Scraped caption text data

+++

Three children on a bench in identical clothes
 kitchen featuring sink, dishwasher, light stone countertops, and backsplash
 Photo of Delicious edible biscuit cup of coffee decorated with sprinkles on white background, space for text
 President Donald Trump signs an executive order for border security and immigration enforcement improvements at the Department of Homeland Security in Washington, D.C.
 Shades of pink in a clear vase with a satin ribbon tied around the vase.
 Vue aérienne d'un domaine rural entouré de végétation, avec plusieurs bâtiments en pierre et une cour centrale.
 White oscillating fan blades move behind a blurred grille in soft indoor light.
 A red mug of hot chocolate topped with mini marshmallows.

+++

**Exercise instructions**
Could you write out all the data exactly as it is given?

**The answer**
Three children on a bench in identical clothes
 kitchen featuring sink, dishwasher, light stone countertops, and backsplash
 Photo of Delicious edible biscuit cup of coffee decorated with sprinkles on white background, space for text
 President Donald Trump signs an executive order for border security and immigration enforcement improvements at the Department of Homeland Security in Washington, D.C.
 Shades of pink in a clear vase with a satin ribbon tied around the vase.
 Vue aérienne d'un domaine rural entouré de végétation, avec plusieurs bâtiments en pierre et une cour centrale.
 White oscillating fan blades move behind a blurred grille in soft indoor light.
 A red mug of hot chocolate topped with mini marshmallows.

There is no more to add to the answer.